EDITOR’S NOTE: The opinions below are those of the author and not, necessarily, Healthcare Michigan, it’s advertisers or staff.

By ALLAN DOBZYNIAK, MD
Has our profession of medicine passed the point of no return? Are we simply a round cog forced into a square hole by those who would or must control us? Are physicians employees, commodities or simply subservient to the insurance companies, corporatists and politicians?

Surrendering the profession to what physicians are told to perceive as the populist mandate is not the cure; it is part of the disease.

Equating professionalism to progressive groupthink and equating this then to taking the “high road” has given physicians a great view of their defeat as a profession of independent thinkers focused laser-like on the professional mission handed down for the last 1,500 years.

Cries of “physicians must get with the program,” and not dwell nostalgically on the past is the excuse to condone, actually encourage, deference to the technocrats, bureaucrats and others who consider themselves the bosses. If physicians are serious about not surrendering to those who have taken what should be the most rewarding of all professions and who have created grief, abysmal morale and even depression, this is the time to acknowledge what has taken place and is destroying the profession of medicine.

There cannot be a continued cry of let’s just go along to get along. Then again, if surrender is the conclusion, then all that is needed is more of what physicians and their organizations have been doing.

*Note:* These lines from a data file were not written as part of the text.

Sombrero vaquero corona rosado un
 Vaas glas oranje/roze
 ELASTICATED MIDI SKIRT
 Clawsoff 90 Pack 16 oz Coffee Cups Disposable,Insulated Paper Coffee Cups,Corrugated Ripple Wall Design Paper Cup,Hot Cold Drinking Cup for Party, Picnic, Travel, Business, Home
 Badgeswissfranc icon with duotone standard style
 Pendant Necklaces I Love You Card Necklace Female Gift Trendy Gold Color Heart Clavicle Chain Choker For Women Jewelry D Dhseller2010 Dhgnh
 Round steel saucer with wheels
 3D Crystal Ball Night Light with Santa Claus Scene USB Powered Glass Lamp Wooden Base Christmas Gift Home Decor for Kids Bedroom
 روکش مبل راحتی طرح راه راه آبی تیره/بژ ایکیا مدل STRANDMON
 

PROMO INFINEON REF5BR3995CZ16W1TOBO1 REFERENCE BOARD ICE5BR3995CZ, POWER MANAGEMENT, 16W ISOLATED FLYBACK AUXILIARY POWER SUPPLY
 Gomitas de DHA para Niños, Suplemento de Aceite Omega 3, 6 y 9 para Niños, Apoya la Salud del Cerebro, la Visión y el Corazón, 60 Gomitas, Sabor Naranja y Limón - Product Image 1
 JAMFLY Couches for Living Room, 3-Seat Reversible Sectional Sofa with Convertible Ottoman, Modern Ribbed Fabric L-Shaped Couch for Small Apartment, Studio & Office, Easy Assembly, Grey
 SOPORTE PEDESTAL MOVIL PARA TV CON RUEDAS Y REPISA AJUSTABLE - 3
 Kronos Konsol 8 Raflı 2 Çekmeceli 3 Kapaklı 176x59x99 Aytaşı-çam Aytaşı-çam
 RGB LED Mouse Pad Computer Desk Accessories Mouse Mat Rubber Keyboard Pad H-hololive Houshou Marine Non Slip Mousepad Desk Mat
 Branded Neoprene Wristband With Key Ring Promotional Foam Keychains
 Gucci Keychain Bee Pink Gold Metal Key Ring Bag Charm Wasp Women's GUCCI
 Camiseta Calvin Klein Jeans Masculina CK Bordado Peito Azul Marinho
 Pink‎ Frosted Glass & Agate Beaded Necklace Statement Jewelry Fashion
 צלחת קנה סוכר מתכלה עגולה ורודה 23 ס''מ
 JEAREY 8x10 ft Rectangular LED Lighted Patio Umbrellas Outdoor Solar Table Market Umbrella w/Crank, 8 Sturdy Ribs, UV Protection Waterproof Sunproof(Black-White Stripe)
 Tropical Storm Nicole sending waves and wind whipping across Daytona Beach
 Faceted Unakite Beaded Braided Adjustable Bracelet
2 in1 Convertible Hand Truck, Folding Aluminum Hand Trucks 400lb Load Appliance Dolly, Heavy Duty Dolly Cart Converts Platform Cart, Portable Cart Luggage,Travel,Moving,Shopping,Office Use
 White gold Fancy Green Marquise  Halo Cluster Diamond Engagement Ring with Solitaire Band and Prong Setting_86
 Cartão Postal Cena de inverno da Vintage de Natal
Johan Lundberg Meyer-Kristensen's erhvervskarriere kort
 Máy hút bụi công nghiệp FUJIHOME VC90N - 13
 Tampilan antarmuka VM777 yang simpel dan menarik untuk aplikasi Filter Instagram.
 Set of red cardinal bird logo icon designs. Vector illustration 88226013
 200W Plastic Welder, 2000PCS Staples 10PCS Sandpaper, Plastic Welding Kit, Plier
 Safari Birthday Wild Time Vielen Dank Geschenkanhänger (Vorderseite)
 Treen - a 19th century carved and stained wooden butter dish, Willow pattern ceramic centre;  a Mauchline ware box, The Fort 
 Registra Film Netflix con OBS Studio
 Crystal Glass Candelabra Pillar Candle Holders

Then there is the reality of destroying the profession from within. C.S. Lewis described how the principles of democracy have the seeds of its destruction. Forcing human beings into equity mandates the sameness of collectivism. Add to this the deceptive term “social justice,” which creates “social injustice” for the non-favored. Yes, there is a great leveling, but it is downward.

Stealing potential upward mobility from those motivated, those gifted, those full of dreams is immoral, unethical—even sinful.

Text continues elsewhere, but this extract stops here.